About 3 years later, I bought my own Austin 7 from a school friend. I am not sure how he managed to find it as such things were of course strictly forbidden – the most we were allowed to own at school was a rugby ball or a fishing rod as befitted young gentlemen – but it was hidden in a garage within walking distance of school. I paid £3 + 5/6 for the petrol in the tank and persuaded my father to tow it home. 

He was and still is a long-suffering parent. Some years later I bought another Austin 7 and persuaded him to tow this home from the West Coast of Scotland to the East Coast where we lived at the time. I have alarming memories of rattling across the Moor of Rannoch on a string behind the Bentley while he, lecturing a visiting Belgian cousin on 500 years of Scottish history, completely forgot about me, he could not see me anyway in the rear view mirror and drove on ignorant of my frantic hand signals. A steady 60 miles an hour was the fastest the car had ever travelled and the fastest I ever wanted to travel in it. It was only the total absence of traffic in those parts which ensured that I lived to tell this tale. 

Back to Seven No 1, a 1931 Top Hat saloon, soon to be christened Jezebel. I first cut off the roof then ditched the body completely and raced her around a large garden with one seat bolted to the chassis. After a summer holiday of this sport and a ruined tennis lawn I built a shed where I hid myself away during school holidays  for several years. I had a picture of a Brescia Bugatti which was the epitome of motoring in my young eyes and what eventually emerged from the shed was a very crude copy. The 7 radiator remained but there was now a hemispherical scuttle and a rounded seat upholstered with the blue leather that was formerly the back seat  all in ash and aluminium with a stout box on the chassis behind it – to carry the tools and spares. 

I again persuaded the parent to tow me to a nearby disused airfield where I did speed trials. The highlight of the enterprise came when a passing motorist turned off the road to come over and have a look. He actually said he thought it was a Bugatti from a distance but having discovered his error remembered a pressing appointment and disappeared as quickly as he had arrived. Still, I had almost fooled someone even if it was at 500 yards. 

When I was eventually allowed legally on the roads, Jezebel took me many miles. I don’t remember her ever breaking down and she rarely went fast enough for the brakes to be a problem but I was very proud of my creation until I received an offer I could not refuse at the same time as the sports 2-seater appeared on the West Coast. 

This machine would have been better named Jezebel. She had an ash/ally 2-seater body and if it had been home made it was very good.

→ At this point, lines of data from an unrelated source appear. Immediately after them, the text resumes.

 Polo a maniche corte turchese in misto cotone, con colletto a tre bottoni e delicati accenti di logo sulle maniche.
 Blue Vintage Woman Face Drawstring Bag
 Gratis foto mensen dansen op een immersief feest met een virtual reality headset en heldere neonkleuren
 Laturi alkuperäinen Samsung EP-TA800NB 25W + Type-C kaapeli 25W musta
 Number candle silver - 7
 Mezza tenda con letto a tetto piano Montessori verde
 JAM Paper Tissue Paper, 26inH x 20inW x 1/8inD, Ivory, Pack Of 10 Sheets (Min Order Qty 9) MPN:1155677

It had a lowered front axle but as I recall a fairly standard engine apart from the carb. a down draft SU. Like all Sevens she had her little ways, one of which was over-heating when pushed. I remember powering up a hill, found her boiling and roared into a garage with steam hissing out from everywhere. As I stopped, the horn short-circuited, went off by itself and could not be stopped even by switching off the ignition. The garage owner rushed out brandishing a fire extinguisher. Now I recall a communication problem in Scotland on occasions but there was no mistaking the meaning this time. What he lacked in comprehensible speech he amply made up for in noise backed up by vigorous hand signs and my machine was pushed to the far end of the fore court faster than she had come up the hill. Of course she soon cooled down as did he and after a short drink all was happiness and contentment and I puttered quietly home. 

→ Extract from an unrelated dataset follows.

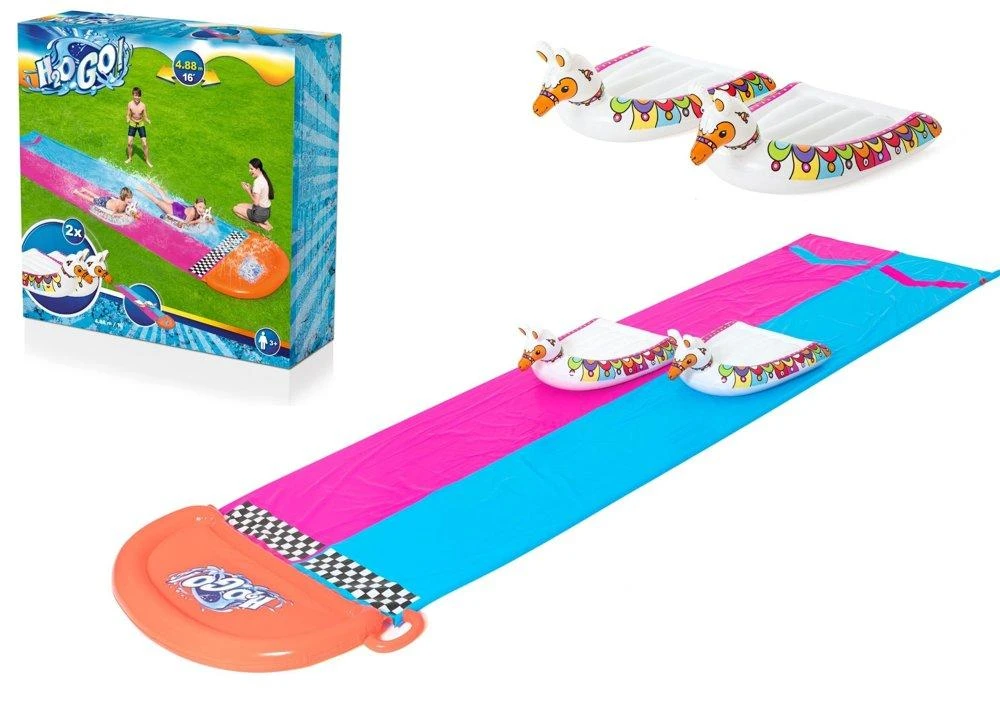 BESTWAY lenktynių čiuožykla Llama Rama Double 4.88m, 52320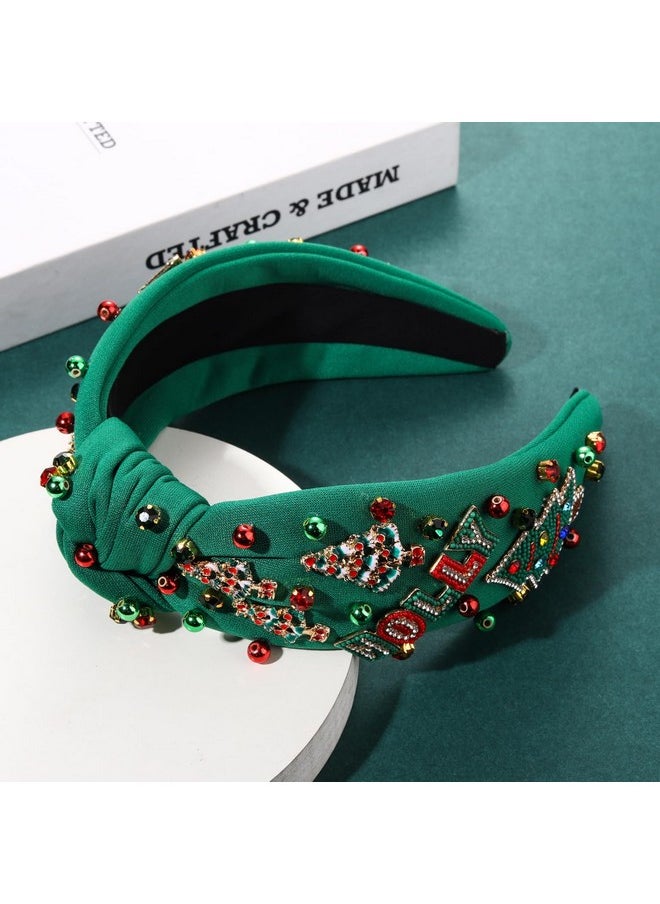 YAHPERN Christmas Headband For Women Christmas Tree Headband Crystal Pearl Top Knot Headband Holiday Headband Christmas Accessories Gifts  - Image 2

I worked week-ends that winter as a ski-instructor and used the car to travel from University at St Andrews to the mountains. I found my grand-father’s snow chains neatly stowed away against the day when they might come in useful 50 years later even though spoked wheels were long out of fashion. In exactly the same way I found a set of 1920’s plugs carefully wrapped and put away which kept my 1929 Model 19 Norton ticking for years. The snow chains were short lengths of chain in pairs, the ends made up to a leather strap and buckle. It was a simple matter to lay the chains over the top of the wheel and fasten the buckle through the spokes. Each wheel had 3 chains making 6 chains on each wheel. These were enormously effective but sounded like a Sherman tank at speed. If not tight enough they soon took out the wings, not to mention the side of the body. 

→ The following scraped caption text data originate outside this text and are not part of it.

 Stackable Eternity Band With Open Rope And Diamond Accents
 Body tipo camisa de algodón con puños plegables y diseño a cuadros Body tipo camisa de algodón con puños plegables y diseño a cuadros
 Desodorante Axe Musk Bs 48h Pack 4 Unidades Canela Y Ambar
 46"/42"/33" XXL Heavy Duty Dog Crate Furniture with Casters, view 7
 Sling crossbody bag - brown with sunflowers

One night we left the ski-slopes late in convoy. I volunteered to take all the skis in my passenger seat so that all the others could be in the relative comfort of an enclosed car. Being topless, the dozen or so pairs of skis pointed skywards into a black blizzard of a night as we set off down the precipitous narrow road in deep snow, getting deeper by the hour. Too late I realised that the road had dived into a downward twisting bend to my left. In a flurry of deep snow I went up the right hand bank like a motor bike going round a wall of death as the road disappeared off below me to my left, took out a dozen fence posts along the top of the bank before turning to nose-diving to the road below. She hit the deep snow, spun round and slid down the road backwards. My lights now pointing back up the road averted the car behind which stopped and the occupants proceeded on foot. Nonchalent as we all were in those days especially in our favoured environment of deep powder snow  at midnight, minus 10 at 3500 feet, we spun the car round – the engine was still running – and I jumped in to continue the journey. After all, the skis were all still in the passenger seat. Only then did I realise that the wheels were pointing at each other and turning the wheel made little difference to the direction the car travelled. Youth has luck on it’s side and 100 yards down the road was a cart track to the only human habitation for as far as anyone had discovered since 1745. I snow-ploughed up the track and boldly knocked on the door. Another communication problem was averted as soon as an irate little native caught sight of the Seven. “Oooo Laddie, yu hoot n annie sock it to yu weel ane o’ they “. Of course he had learnt to drive on an Austin Seven – his “auntee had ane oop the glen in they days”. 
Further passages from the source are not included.